The political risk faced by the private equity industry came into clear view this week when the governor-elect of New Jersey, Republican Chris Christie, asked the state to freeze alternative investments.

It is unclear exactly what views Christie holds about alterative investments as the incoming governor did not return calls for comment. In a letter to outgoing governor Jon Corzine made public in November, Christie outlined 14 emergency measures to prevent the “budget hole we are in from deepening”.

The 11th point on the list asks the state government to “freeze the retention of all new outside professionals, manager selections, and new contracts for managing alternative investments with respect to New Jersey's pension funds”.

A source told PEI the measure is “temporary in nature. The [Christie] transition team wants to review all the asset classes, which could be infrastructure, private equity, commodities, hedge funds and real estate,” the source from the state's Treasury department said.

New Jersey's pension has been investing in the asset class since 2005, when the investment council approved a 13 percent allocation to private equity, hedge funds and real estate.

At the time, the council had 11 members. Seven voted to move into alternative investments, while two members voted against the plan. A further two members were absent from the vote. The first year, New Jersey voted to spend $1.75 billion on private equity and committed more than $300 million to Warburg Pincus, Oak Hill Partners and Quadrangle Group in its initial commitments.

But from the beginning, political forces tried to counter the pension's move into alternatives. Two labour unions sued New Jersey's Treasury department to prevent it from hiring outside investment managers to take on the alternatives mandate. The suit argued that the state lacked the authority to hire outside money managers.

Moving forward, New Jersey's pension, like other public pensions in the US, suffered a decline in the value of its assets during the financial meltdown. As was reported in this column several months ago, James Marketti, a member of the council representing the AFL-CIO labour union, questioned whether it was possible for the pension to unwind its alternative investments.

During his campaign for governor of New Jersey, which he won in October, Christie attacked outgoing governor Jon Corzine for his ties to Wall Street. Corzine is a former chief executive officer of Goldman Sachs.

A vital question is how does Christie view private equity investments, especially in light of the ongoing and wide-ranging investigation into pay-to-play activities involving several public pensions in the US and private equity firms?

New Jersey has not been caught up in the pay-to-play debacle and for good reason – the pension early on established rules governing campaign contributions from investment firms or their representatives to members of the investment council.

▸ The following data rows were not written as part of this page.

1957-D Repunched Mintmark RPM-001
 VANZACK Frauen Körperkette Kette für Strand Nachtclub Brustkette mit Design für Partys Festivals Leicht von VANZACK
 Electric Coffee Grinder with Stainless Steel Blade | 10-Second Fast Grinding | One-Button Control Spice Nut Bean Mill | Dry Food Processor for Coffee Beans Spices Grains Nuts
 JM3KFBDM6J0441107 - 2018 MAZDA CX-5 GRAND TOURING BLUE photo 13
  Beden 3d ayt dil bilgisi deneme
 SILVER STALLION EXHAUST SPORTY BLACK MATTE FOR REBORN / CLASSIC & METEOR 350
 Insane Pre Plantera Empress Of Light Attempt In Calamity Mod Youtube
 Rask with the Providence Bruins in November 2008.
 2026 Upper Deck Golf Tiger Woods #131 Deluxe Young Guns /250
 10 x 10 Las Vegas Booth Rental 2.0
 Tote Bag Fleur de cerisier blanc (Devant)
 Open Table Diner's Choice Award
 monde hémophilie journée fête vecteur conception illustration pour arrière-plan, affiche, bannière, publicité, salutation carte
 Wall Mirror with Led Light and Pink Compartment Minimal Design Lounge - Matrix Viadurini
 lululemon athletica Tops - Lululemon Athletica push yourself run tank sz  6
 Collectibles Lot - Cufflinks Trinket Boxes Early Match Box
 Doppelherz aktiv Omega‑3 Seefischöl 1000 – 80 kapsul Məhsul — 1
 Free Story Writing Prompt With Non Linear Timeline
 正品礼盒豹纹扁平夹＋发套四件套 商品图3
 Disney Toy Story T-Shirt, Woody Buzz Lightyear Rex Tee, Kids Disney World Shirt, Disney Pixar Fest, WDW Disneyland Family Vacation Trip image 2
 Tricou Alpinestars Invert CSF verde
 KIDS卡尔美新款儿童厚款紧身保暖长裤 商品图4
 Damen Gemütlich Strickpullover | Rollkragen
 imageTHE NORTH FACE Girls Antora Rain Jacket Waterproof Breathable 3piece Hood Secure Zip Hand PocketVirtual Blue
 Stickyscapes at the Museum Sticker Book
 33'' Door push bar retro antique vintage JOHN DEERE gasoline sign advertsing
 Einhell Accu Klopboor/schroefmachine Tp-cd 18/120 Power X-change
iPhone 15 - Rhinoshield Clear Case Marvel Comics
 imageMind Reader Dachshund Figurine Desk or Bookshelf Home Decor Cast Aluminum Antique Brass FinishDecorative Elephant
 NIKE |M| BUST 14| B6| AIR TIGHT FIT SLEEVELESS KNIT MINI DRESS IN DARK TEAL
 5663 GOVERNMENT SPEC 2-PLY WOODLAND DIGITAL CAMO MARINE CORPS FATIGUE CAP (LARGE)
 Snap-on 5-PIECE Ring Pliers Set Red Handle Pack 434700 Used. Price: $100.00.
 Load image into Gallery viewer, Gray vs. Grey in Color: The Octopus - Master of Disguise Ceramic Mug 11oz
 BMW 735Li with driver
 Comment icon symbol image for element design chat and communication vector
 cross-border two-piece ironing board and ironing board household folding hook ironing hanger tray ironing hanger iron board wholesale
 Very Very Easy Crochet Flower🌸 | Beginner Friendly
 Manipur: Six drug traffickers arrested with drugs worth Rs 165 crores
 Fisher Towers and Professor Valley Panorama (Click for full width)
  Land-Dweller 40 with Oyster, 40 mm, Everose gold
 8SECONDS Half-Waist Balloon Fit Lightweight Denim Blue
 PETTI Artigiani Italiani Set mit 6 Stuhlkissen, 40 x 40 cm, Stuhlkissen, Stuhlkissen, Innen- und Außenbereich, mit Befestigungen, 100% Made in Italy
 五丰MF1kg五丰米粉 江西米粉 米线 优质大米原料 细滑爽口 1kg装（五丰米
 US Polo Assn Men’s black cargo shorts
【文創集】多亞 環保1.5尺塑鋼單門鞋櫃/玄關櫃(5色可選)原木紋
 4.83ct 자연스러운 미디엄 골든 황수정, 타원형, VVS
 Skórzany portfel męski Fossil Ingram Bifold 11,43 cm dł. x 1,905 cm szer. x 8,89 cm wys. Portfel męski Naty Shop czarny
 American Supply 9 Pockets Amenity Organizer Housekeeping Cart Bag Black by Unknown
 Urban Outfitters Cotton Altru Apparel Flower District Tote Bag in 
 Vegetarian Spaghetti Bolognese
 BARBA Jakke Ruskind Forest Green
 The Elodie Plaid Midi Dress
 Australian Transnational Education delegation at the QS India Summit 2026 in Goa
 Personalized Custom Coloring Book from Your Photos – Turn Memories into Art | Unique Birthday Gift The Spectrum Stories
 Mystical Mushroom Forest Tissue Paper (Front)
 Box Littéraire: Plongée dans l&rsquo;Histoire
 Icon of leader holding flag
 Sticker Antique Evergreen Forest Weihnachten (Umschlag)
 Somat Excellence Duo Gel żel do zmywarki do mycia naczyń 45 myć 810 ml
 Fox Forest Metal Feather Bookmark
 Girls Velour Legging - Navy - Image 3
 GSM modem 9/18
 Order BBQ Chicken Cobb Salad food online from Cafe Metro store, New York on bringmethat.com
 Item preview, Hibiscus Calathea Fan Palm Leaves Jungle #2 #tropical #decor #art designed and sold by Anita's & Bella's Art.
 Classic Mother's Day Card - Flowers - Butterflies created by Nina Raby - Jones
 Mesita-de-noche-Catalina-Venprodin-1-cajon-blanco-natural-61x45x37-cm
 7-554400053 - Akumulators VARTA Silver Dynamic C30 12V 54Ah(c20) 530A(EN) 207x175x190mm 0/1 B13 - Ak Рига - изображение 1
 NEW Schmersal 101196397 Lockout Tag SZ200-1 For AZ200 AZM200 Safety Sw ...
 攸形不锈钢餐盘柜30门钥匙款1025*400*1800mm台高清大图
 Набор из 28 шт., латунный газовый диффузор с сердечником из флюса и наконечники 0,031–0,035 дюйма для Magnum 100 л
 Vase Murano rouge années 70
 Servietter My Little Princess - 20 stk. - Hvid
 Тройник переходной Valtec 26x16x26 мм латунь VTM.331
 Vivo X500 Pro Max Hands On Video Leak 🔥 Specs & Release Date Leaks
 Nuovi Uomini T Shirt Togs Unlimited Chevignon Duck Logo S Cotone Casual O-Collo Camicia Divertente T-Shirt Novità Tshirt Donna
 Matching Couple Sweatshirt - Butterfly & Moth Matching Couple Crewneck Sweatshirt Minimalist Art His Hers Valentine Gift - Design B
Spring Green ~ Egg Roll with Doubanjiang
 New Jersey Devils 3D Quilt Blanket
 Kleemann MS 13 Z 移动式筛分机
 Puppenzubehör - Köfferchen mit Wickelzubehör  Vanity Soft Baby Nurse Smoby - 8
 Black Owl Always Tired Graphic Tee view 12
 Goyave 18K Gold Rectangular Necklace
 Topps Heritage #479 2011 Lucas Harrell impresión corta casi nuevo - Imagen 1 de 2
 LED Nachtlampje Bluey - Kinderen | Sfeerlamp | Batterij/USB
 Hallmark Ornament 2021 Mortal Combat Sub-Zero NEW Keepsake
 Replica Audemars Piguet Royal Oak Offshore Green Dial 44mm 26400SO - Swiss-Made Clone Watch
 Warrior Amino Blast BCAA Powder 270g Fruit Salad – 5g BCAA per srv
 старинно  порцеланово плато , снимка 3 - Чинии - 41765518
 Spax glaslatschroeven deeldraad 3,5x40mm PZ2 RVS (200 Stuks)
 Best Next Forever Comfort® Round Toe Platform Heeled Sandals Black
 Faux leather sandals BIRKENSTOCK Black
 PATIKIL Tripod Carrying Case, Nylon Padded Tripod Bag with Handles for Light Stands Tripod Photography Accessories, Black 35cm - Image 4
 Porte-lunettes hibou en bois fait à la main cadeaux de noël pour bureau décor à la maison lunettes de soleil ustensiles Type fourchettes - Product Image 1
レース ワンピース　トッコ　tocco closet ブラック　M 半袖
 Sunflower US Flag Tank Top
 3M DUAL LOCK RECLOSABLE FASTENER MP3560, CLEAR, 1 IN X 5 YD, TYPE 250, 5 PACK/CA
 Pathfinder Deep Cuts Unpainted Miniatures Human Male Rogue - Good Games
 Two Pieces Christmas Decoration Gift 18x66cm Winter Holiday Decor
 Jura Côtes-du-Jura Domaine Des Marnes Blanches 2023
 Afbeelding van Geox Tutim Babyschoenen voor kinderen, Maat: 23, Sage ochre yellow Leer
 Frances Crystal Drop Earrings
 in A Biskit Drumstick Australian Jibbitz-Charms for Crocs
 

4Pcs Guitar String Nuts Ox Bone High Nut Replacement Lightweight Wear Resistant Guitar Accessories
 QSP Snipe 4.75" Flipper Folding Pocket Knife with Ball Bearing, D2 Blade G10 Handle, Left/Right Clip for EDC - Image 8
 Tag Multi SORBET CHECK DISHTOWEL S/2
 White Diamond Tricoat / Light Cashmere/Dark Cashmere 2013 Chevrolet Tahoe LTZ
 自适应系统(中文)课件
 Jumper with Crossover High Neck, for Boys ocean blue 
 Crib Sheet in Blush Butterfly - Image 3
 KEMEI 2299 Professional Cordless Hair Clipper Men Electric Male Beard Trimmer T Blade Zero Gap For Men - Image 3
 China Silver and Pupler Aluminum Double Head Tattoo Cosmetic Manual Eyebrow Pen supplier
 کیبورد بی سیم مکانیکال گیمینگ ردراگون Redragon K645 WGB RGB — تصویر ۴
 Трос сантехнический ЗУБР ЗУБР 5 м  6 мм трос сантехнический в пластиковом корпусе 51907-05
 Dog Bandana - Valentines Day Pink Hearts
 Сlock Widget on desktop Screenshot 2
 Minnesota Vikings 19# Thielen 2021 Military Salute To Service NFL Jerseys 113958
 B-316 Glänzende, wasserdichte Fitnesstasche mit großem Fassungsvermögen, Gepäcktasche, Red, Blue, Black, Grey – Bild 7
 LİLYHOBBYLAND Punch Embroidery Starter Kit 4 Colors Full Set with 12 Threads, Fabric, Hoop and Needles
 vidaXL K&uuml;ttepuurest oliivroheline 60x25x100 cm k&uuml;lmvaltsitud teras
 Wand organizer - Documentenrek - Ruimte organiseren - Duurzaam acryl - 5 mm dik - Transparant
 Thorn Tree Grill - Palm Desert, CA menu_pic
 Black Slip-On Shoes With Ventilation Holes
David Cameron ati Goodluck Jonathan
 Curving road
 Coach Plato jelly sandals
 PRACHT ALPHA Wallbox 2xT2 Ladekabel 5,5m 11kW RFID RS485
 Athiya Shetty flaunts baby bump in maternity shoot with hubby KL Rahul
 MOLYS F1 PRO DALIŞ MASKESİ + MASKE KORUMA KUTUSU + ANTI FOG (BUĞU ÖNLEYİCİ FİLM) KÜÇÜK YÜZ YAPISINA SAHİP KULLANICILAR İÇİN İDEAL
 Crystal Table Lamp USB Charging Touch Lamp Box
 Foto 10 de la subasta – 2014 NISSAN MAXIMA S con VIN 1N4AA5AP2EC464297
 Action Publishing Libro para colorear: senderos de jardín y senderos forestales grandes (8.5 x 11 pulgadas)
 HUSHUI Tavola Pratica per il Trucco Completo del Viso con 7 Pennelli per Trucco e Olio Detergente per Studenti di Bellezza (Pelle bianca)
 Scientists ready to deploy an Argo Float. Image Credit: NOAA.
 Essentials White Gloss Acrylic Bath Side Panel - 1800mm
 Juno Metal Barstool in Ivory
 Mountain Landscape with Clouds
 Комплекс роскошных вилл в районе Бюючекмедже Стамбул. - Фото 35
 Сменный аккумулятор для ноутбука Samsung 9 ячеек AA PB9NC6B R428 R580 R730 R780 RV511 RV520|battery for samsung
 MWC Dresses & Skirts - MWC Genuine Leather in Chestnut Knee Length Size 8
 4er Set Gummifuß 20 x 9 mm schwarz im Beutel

In hindsight, this eradicating of political taint from the investment process in New Jersey was a prescient move.

Still, for a self-proclaimed reformer like Christie, some of the corruption that has been surrounding the alternatives industry over the past months could become political fodder as he tries to score political points with his new constituents.

A cheap and easy victory could involve rooting out “risky” alternative investments in an effort to stabilise the sadly underfunded pension. Doesn't really matter if these investments really are as risky as portrayed – the perception would be easy to sell.

New Jersey has already cut back on alternatives. Its plan for this year has been to spend between $500 million and $750 million on private equity investments, between zero and $500 million on real estate and no investments in hedge funds. The pension has mostly been looking for opportunities to invest in secondaries and debt-oriented strategies.

As well as slowing its investment pace, the pension has been a leader in negotiating with GPs to cut fund sizes. It also joined its New York and Connecticut peers in meetings with the US' Federal Deposit Insurance Corporation to talk about rules governing private equity ownership of banks and was an early investor in the government's Public-Private Investment Programme.

Christie has time to work his way through all the areas he wants to review to find ways to close the budget gap in New Jersey. There is still hope that the alternatives programme will be left alone to work the way it should work – over time.